Jean-Marc Elzingre par lui-même.

Jean-Marc Elzingre, caricaturiste neuchâtelois, est décédé à l'âge de 59 ans. Typographe de formation, il s'était lancé dans le dessin de presse, notamment pour «L'Impartial», puis «L'Express».

Rolf Kesselring, complice et ami de la première heure, lui rend hommage.

Il y a des jours où l’on ne devrait pas ouvrir les yeux, ne rien écouter et se terrer dans le néant de l’absence. Il y a des jours où la tristesse et les regrets te prennent et t’oppressent. Un ami disparaît, trop jeune, et toute la mémoire te revient. Et moi qui, depuis mon retour au pays, me promettais de faire la tournée de tous ces copains que je n’avais plus vus depuis des années!…
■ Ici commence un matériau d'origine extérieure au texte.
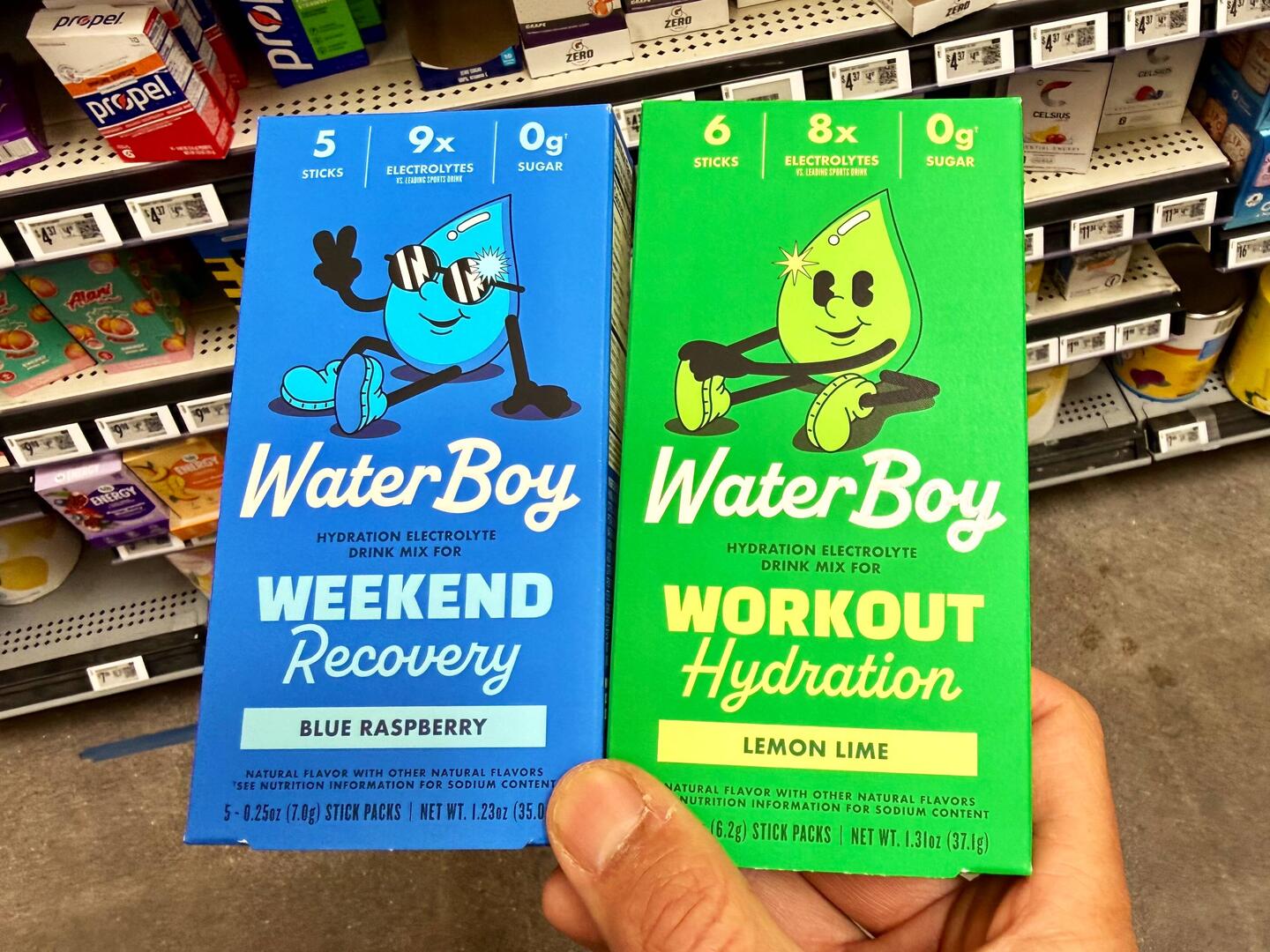 Auf dem Trail machen sich viele Personen das Wasser mit solchen Zusätzen etwas schmackhafter.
Au retour d’un périple, j’apprends qu’Elzingre est mort. Jean-Marc Elzingre! «Zinzin» comme on le nommait familièrement avec les copains de «La Pomme», journal satirique des années 69-70.

Un drôle de typographe

Je l’avais rencontré chez Maître Cornaz, imprimeur à Yverdon-les-Bains. J’étais là en train de préparer un livre de Gilles Vigneault, de Richard Æschlimann ou de… Sacrés neurones qui me trahissent de plus en plus souvent!

Mais je me souviens bien de l’odeur de papier et d’encre de l’atelier situé entre Rue du Milieu et Rue du Four. Une Heidelberg à platine battait des en-têtes de lettres ou des cartes de visite. On venait d’installer une presse offset. La modernité atteignait le lieu et moi, jeune éditeur inconscient, je me saoulais d’odeurs, de cliquetis de machines et d’espoirs littéraires.

Il était venu me voir avec un Bordelais qui travaillait avec lui. Tous deux devinrent des collaborateurs de «La Pomme», quelques mois plus tard. L’un signait Elzingre et l’autre Bobac. Elzingre dessinait avec aisance, l’autre ne faisait que des ronds… et pas dans l’eau.

Déjà la xénophobie

À l’époque, Blocher s’appelait Schwarzenbach. Comme le premier, ce dernier préférait savoir les étrangers… à l’étranger. Le premier numéro de notre journal était forcément consacré aux initiatives (déjà populaires!) de notre xénophobe de service. Le titre, en gros caractère et au 2e degré, affirmait: «Étrangers go home».

Elzingre, corrosif et serein, avait fait la «der» avec un dessin pleine page: un drapeau suisse, fond rouge et croix blanche avec, sur la croix, un travailleur étranger crucifié à l’instar du Christ…

Premier numéro, premier scandale! Les ventes atteignirent 14’000 exemplaires! Elzingre, Richard Æschlimann et moi décidâmes de poursuivre l’aventure.

L.A. P.O.M.M.E.

Les numéros suivants furent consacrés à la pornographie, à l’armée, à la police, à l’écologie. Elzingre s’y multipliait avec Æschlimann. La pipe fumante et l’œil malicieux Elzingre donnait le meilleur de lui-même. D’autres nous rejoignaient: Brandu, Popof, Mummol, et, surtout le grand Leiter.

L’autre presse nous faisait la part belle. Les cuistres Il a fallu courir les routes, vendre à la criée et sous le manteau.

Pour contourner les interdictions, Brandu imagina de nous constituer en association politique: la «Libre Association pour la Protection de l’Opinion Mondiale Mal Eclairée», c’est-à-dire L.A. P.O.M.M.E.

Il suffisait d’y penser! En vertu de la Constitution et de l’article sur la liberté d’expression et d’opinion, plus aucun faux-cul politique ne pouvait, alors, nous interdire de publier.

La mort est un scandale!

Et puis, comme la vie va, Jean-Marc Elzingre retourna dans son cher canton de Neuchâtel. Il se maria avec Ariane et «L’Impartial» et continua à faire ce qu’il savait faire le mieux: esquisser, dessiner, croquer, crobarder, c’est-à-dire observer ses semblables, mine de rien.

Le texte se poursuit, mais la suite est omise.